Shilpkar

Regions with significant populations
- • Uttarakhand • Uttar Pradesh
- Uttarakhand: 9,29,267
- Uttar Pradesh: 26,706

Languages
- • Kumaoni • Garhwali • Hindi

Religion
- Hinduism and Buddhism

= Shilpkar =

Dalit caste in Uttarakhand

Shilpkar are an artisan community mainly associated with Intaglio techniques, coppersmithing and painting. They are the largest Scheduled Caste communities of Uttarakhand, primarily present in the Kumaon and Garhwal region.

== History ==
Shilpkars are not a single caste but a collection of many artisan communities associated with metalworking, coppersmithing and paper works, deriving the name from the Hindi word, Shilpkari which refers to handcraft or artisan work. The community was originated from Uttarakhand and make things from rope. They are mainly engaged as Intaglio on stone and gems, Painting, crafting, bronzesmiths, with others engaged in and cultivating, or working as, blacksmiths, weavers. Bhankora is a native musical instrument and is handmade from copper by them. They used to perform with it at folk festivals or marriages.

In the early 20th century, many lower caste communities of the Kumaon region such as Auji, Bajgi, Badhi, Doom, Tamta (Lohar) and Kolis organised them to be called as Shilpkar as they called as "Doom", which was considered offensive by them. In 1913, Shilpkar Sudharini Sabha, held a convention for the uplifting of Dalits and oppressed people of the area, known as the Shilpkar Mahasabha in Uttarakhand. The British government officially recognized as "Shilpkars" as a community in 1925.

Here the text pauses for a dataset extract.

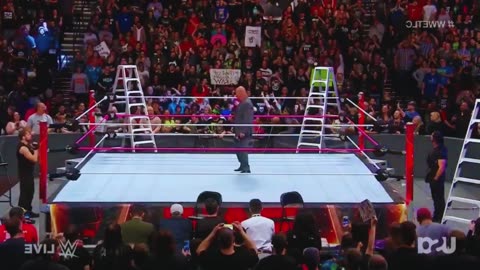 The Sheild Return after 3 Years | WWE | WWE RAW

Arya Samaj influenced a lot of them, especially in the Garhwal region, and many of them dropped their caste surnames and adopted 'Arya' as a last name. Jayananda Bharati and Baldev Singh Arya were those who promoted "Arya Samaj" in Dalits of Uttarakhand. They started 'Dola Palki Movement' and in 1928 he also organised "Garhwal Sarvadalit Parishad". In the Kumaon region, Hari Prasad Tamta (1887-1962) was considered as a hero among the community and the 'Father of Shilpkar Revolution' due to his enormous contribution towards the mobilazation of the Dalit communities in the region and he also stood with B. R. Ambedkar during the Round Table Conference in 1932.

== Distribution ==
They form 52% of the total population of the Scheduled caste population in Uttarakhand and are a beneficiary of the reservation policy.

About 68.5 percent of the members are cultivators by profession. They are mainly found in the hill region of Uttarakhand and Terai regions of Uttar Pradesh. In Nepal, they are known as Tamrakar.

== Notable members ==

- Yashpal Arya, former speaker of Uttarakhand Legislative Assembly.